Ice is melting in unprecedented ways as summer approaches in the Arctic. In recent days, observations have revealed a record-challenging melt event over the Greenland ice sheet, while the extent of ice over the Arctic Ocean has never been this low in mid-June during the age of weather satellites.
Greenland saw temperatures soar up to 40 degrees above normal Wednesday, while open water exists in places north of Alaska where it seldom, if ever, has in recent times.
It’s “another series of extreme events consistent with the long-term trend of a warming, changing Arctic,” said Zachary Labe, a climate researcher at the University of California at Irvine.
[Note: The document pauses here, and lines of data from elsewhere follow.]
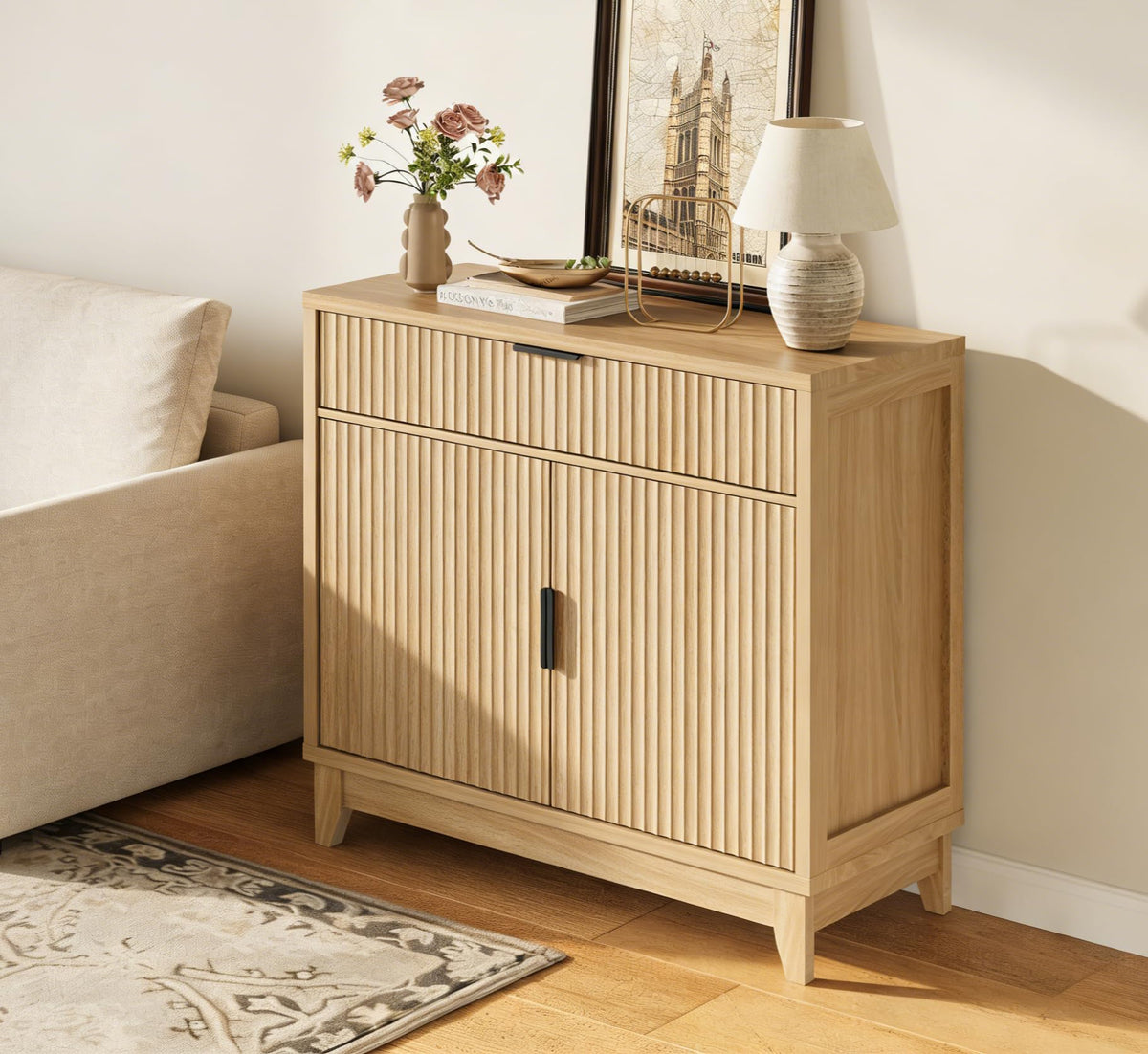 32" Fluted Oak Sideboard Buffet Cabinet with Storage J10665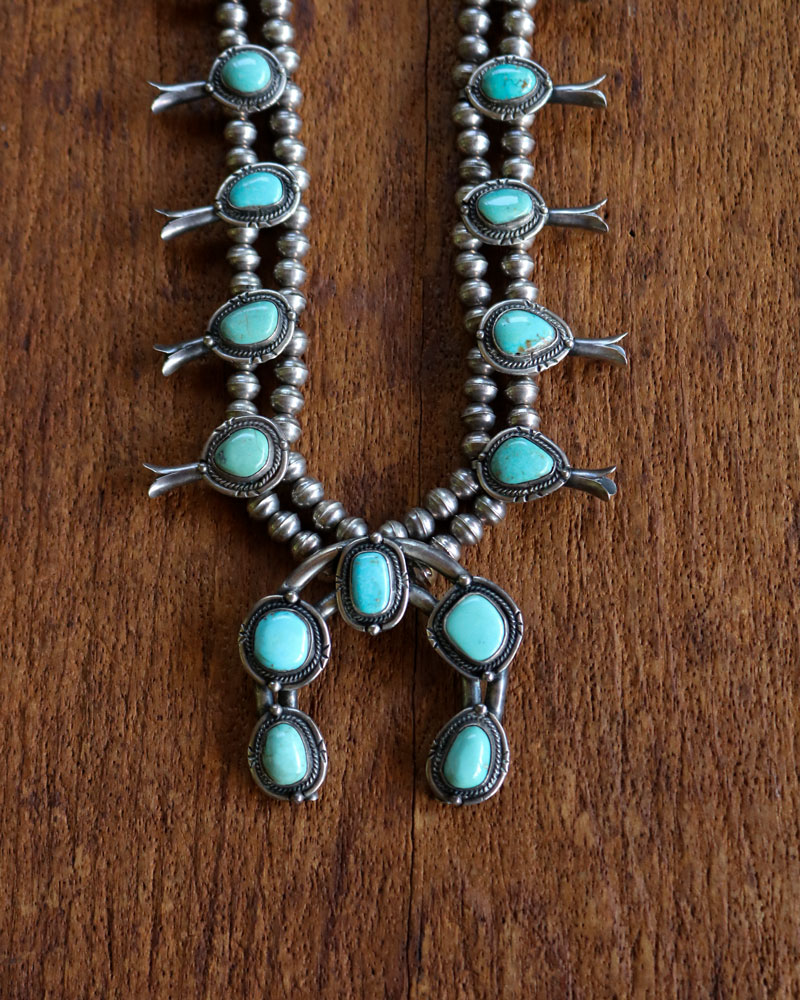 c.1900s Navajo Turquoise Squash Blossom Necklace｜1900年代頃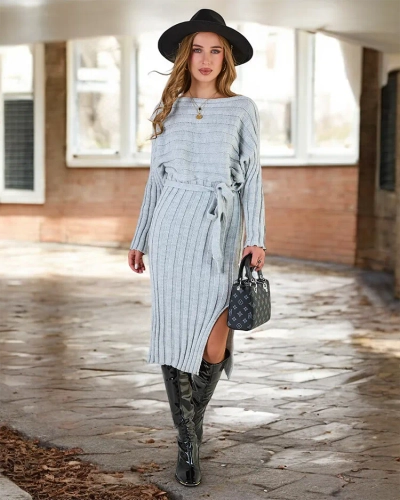 Royalfashion Dámske svetrové šaty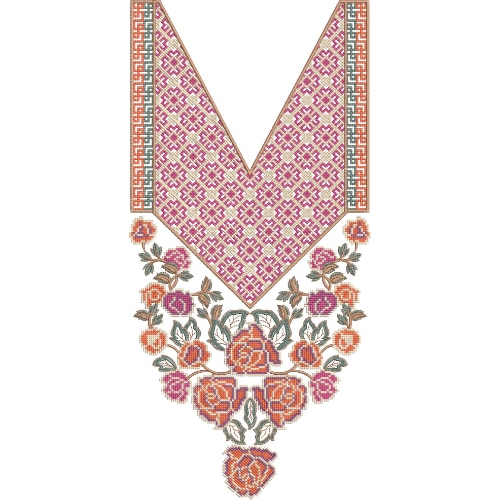 Neck Flower Embroidery Design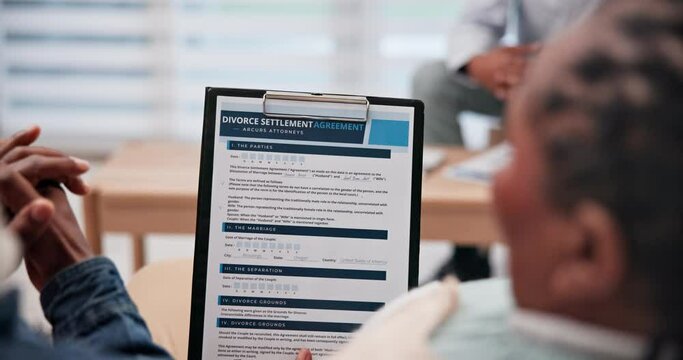 Hands, documents for divorce and a couple closeup in their home with a lawyer for a settlement agreement. Paper, legal contract or conclusion with a man and woman talking about terms of separation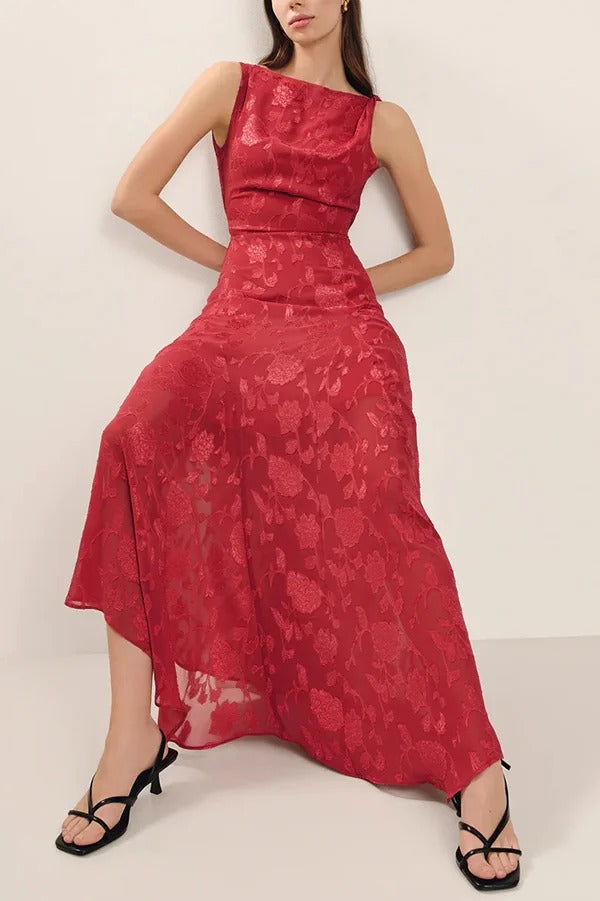 Fashion Jacquard Elegant Backless Lace-up Slim Irregular Maxi Dress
Data from the National Snow and Ice Data Center show that the Greenland ice sheet appears to have witnessed its biggest melt event so early in the season on record this week (although a few other years showed similar mid-June melting).
“The melting is big and early,” said Jason Box, an ice climatologist at the Geological Survey of Denmark and Greenland.
Box explained that temperatures over the western Greenland ice sheet have been abnormally high while snow has been well below normal.
Marco Tedesco, an ice researcher at Columbia University, added that it has been unusually warm in east and central Greenland, as well. “This has triggered widespread melting that has reached about 45 percent of the ice sheet,” he wrote in an email.
Normally, melting this widespread over the ice sheet doesn’t occur until midsummer, if even then.